In 1905 Nurse Despard, who had trained in Melbourne, opened a maternity hospital in Newcastle in Leeder's House in Stirling Terrace. The Sisters of Mercy had vacated the house when they moved into the newly built convent on the outskirts of town. A maternity hospital was unusual for those times; the practice was for home births assisted by a midwife. The passing of the Health Act in 1911 required midwives to be registered.
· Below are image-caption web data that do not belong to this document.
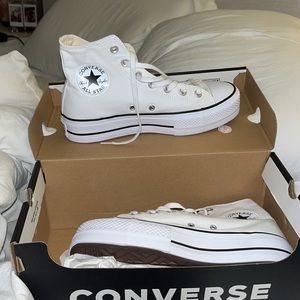 White platform canvas hightop converse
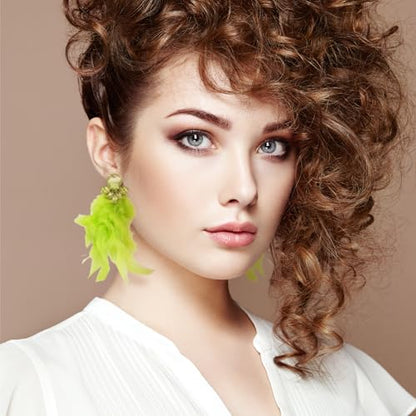 Long Feather Earrings for Women Bohemian Crystal Zirconia Dangle Feather Earrings Crystal Tassel Feather Earrings Wedding Halloween Prom Jewelry - color: Green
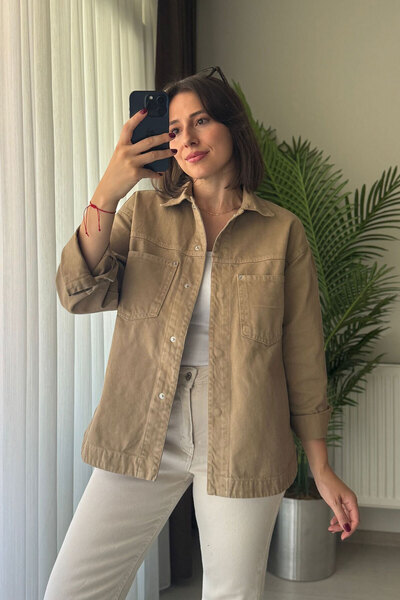 Kubos Moda Double Pocket Snap Fastener Oversize Gabardine Mink Shirt Jacket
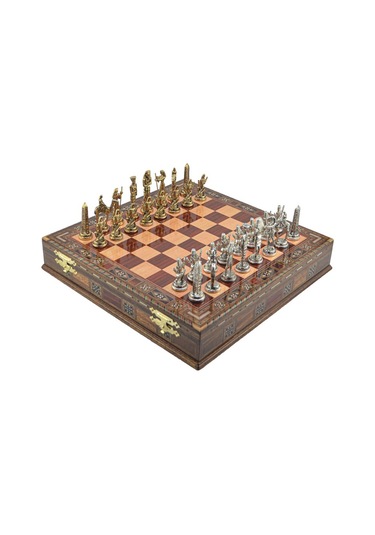 Gifthome Metal Satranç Takımı-seti büyük mısır parlak gül sandıkl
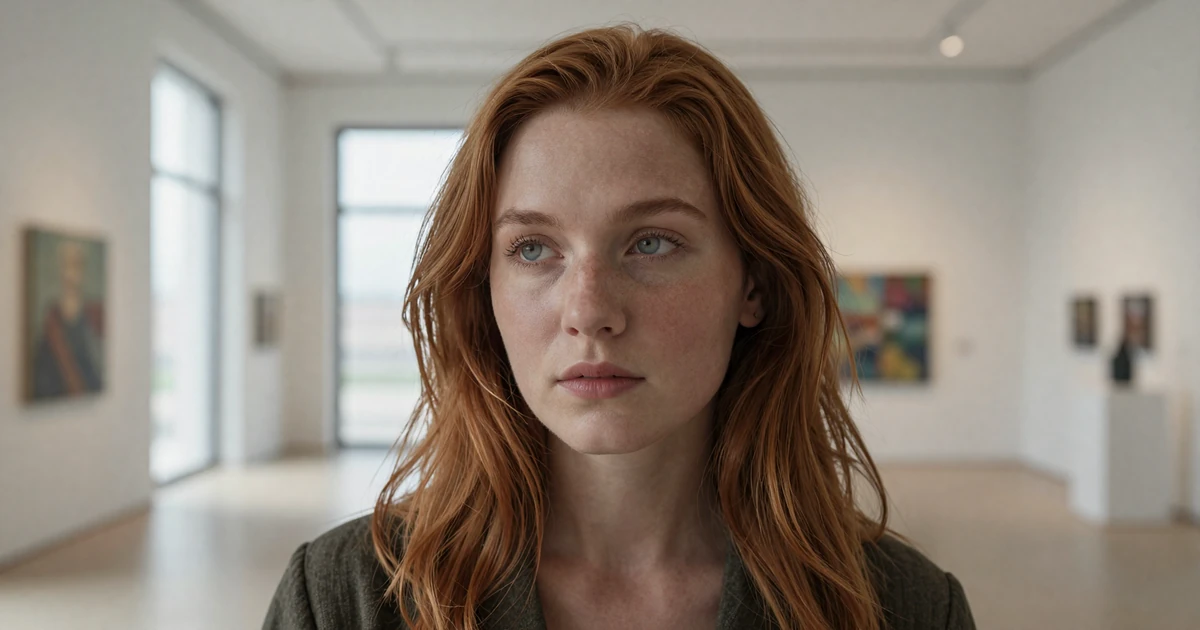 Thoughtful young woman in a minimalist art gallery representing psychological depth in sugar dating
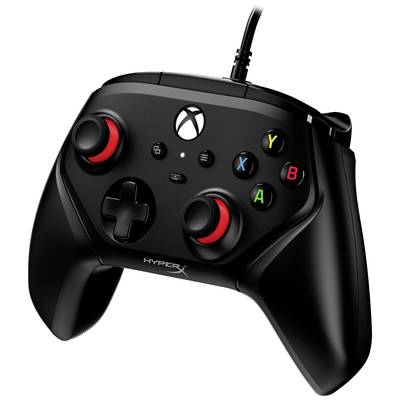 Une manette de jeu noire avec des accents rouges, un logo de marque et des boutons colorés. Elle possède un câble pour se connecter à une console.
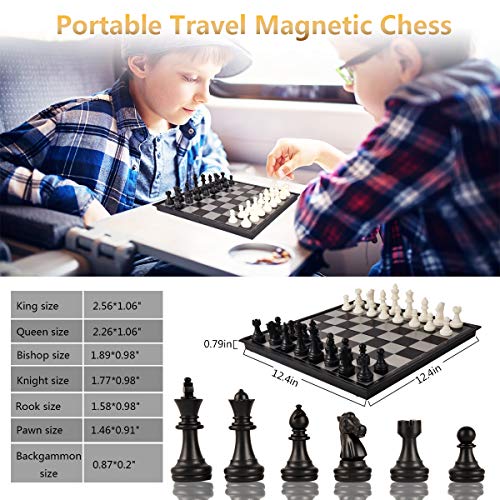 3-in-1 Chess Set - Travel Chess Set Magnetic Chess & Checkers & Backgammon Folding Chess Board Game, Portable Checkers with 3 Mesh Bags, Best Chess Games Gift for Kids and Adults 12.4 Inches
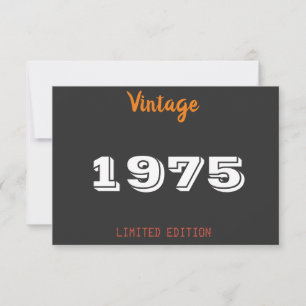 Vintage 1975 year limited edition 50th Birthday Thank You Card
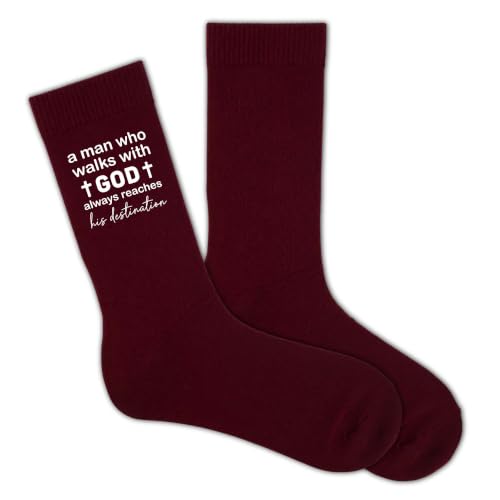Christian Socks for Men Biblical Gifts for Dads Grandpa Husband - color: Burgundy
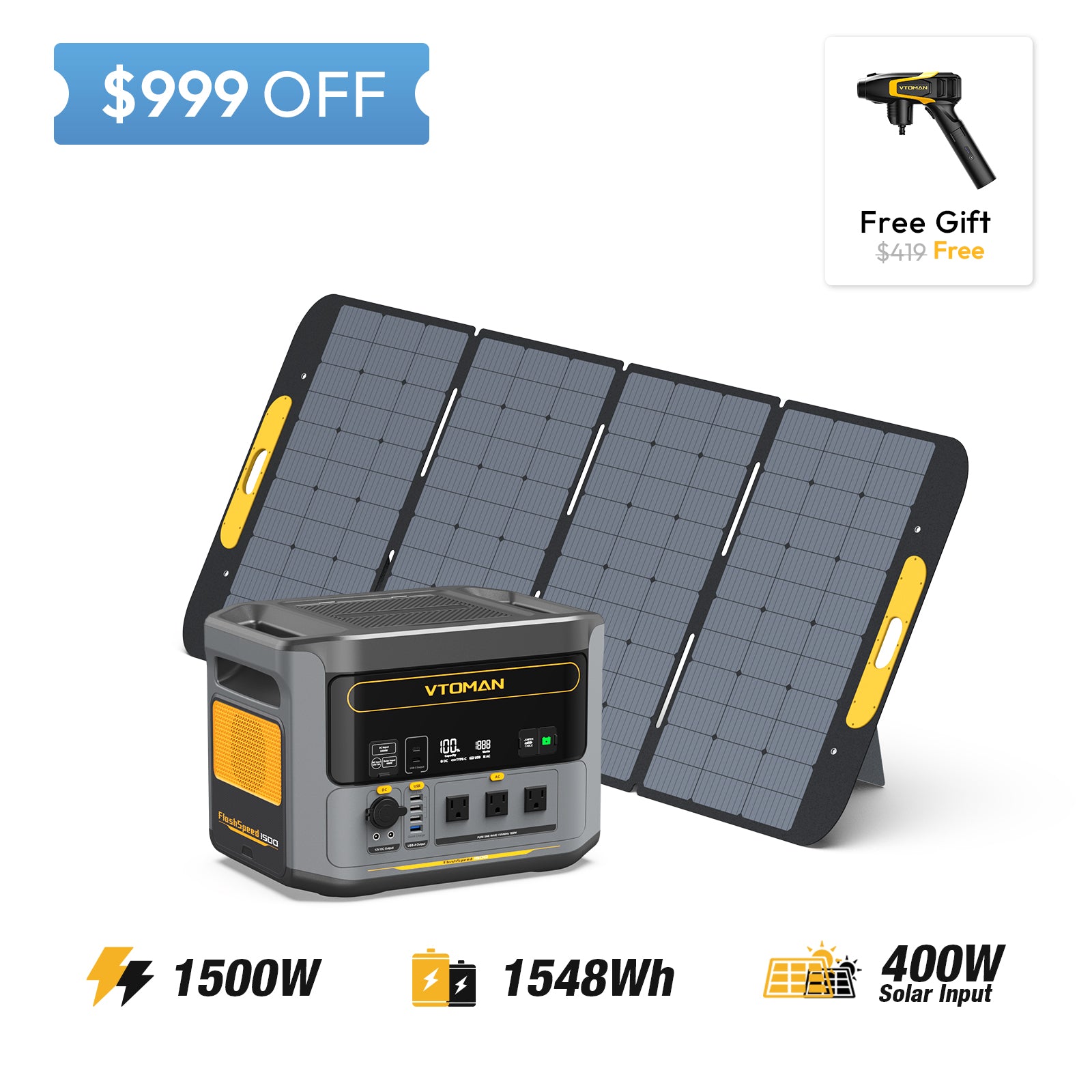 FlashSpeed 1500 and 400w solar pane save $999 in summer sale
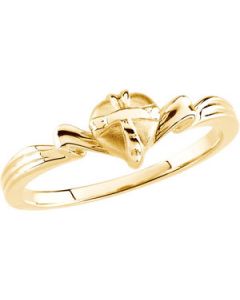 Gift Wrapped Heart Chastity Ring W/Box 10K Yellow Gold Size 06.00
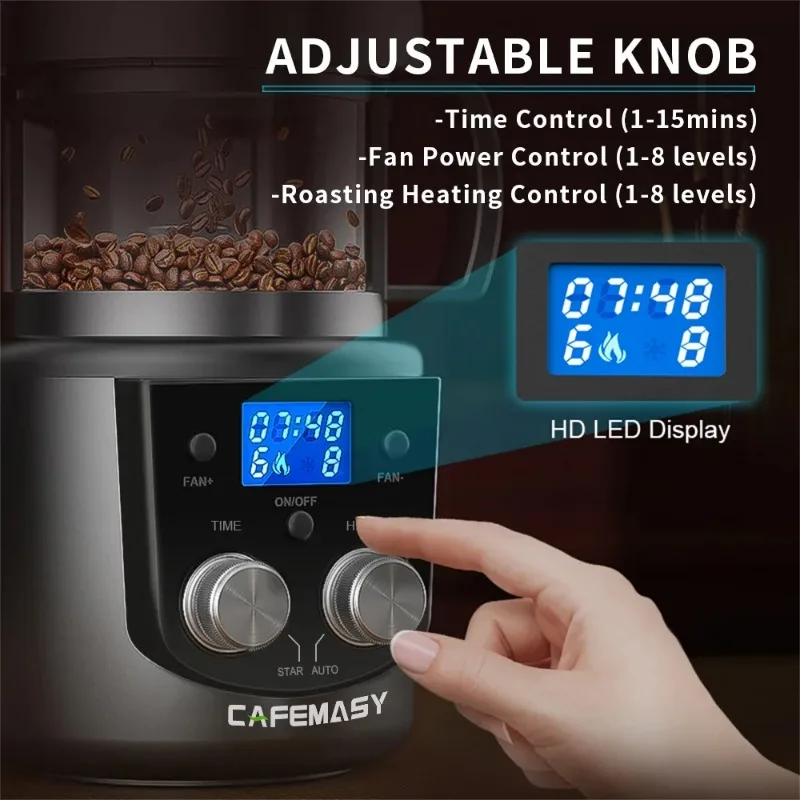CAFEMASY 80-100g Home Coffee Roaster Electric Mini No Smoke Coffee Beans Baking Roasting Machine 110-240V Bean Roaster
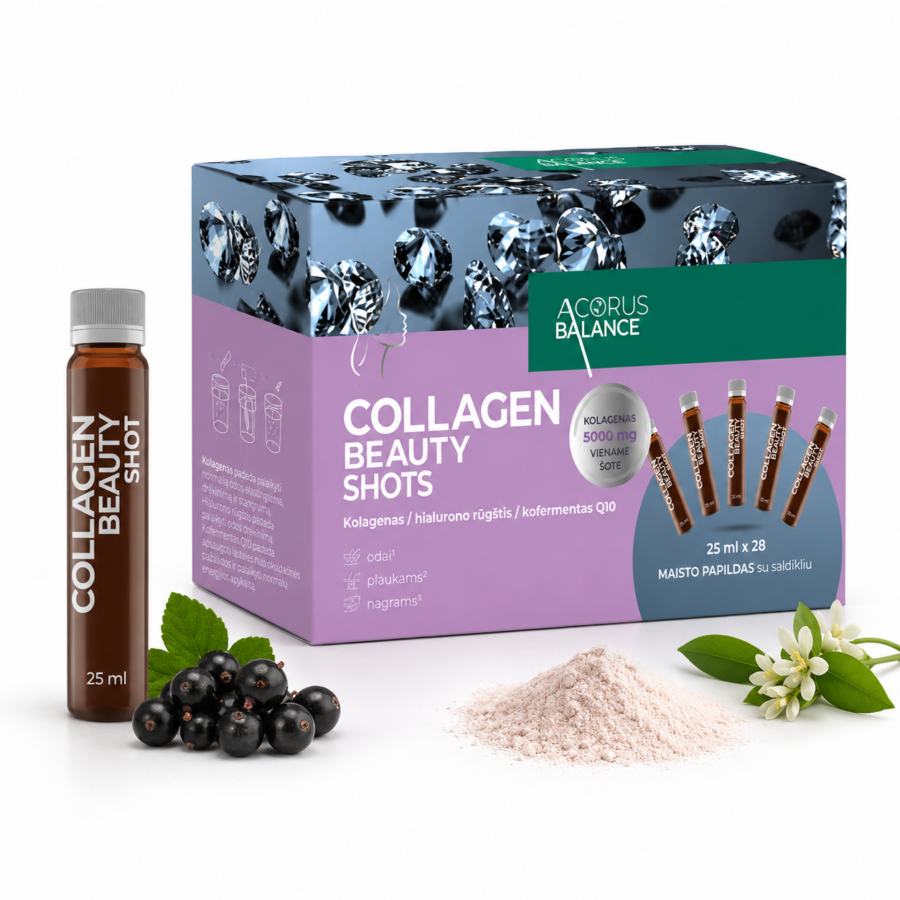Collagen beauty shots apelsinų skonio, odai, plaukams, nagams, Acorus Balance, 28 vnt.
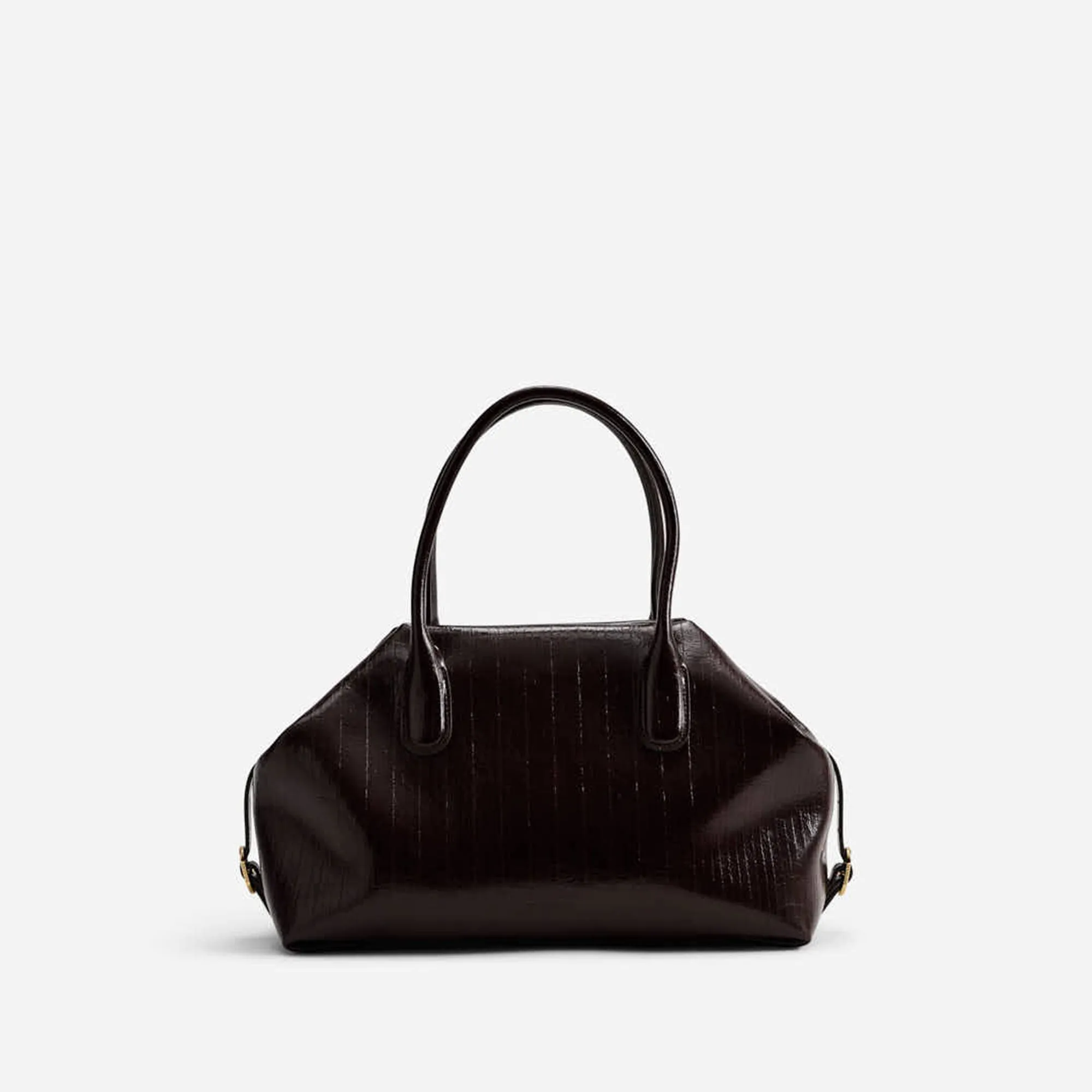 TALIA TRUNK MEDIUM RIGATO VEGAN FABRIC CHOCOLATE PLUM sold by THEMOIRÃ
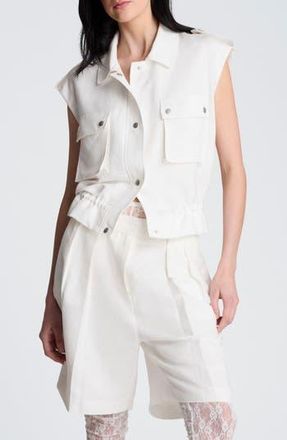Kenneth Cole Linen Blend Cargo Vest in Pure White at Nordstrom Rack, Size X-Large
By 1913, Durlacher was one of a number of women to appear on the first Register of Midwives in Western Australia.

In January 1925, Durlacher resigned from the hospital to take up private nursing.

During her career, Durlacher delivered 190 babies, and only lost one. She was held in high esteem for her commitment to her profession and her compassion for those she helped. Following her death in May 1942, the following appraisal was published in the Western Mail:

Her experiences in outback homes were amusing, pathetic, hard, and demanded great resourcefulness. Sometimes there was no bed for her and she just slept anywhere she could. Often in addition to nursing her patient and the newborn babe, she had to cook, wash and do the house, and look after the other children and the husband. No wonder these women who had their children in most primitive surroundings worshipped and loved Nurse Durlacher. She was a real guardian angel in their homes, and she often took such cases at very small remuneration.

==Later life==
Around 1930 Durlacher retired. She was also a needlewoman; making no less than 57 cloths of various kinds.

She became an active member of the Karrakatta Club serving for some years on the executive committee. She also had a keen interest in the Girls' Friendly Society, a philanthropic body originally established in England to assist working-class women and girls with out-of-wedlock pregnancies.

Durlacher died on 10 May 1942 in Perth, after a long illness.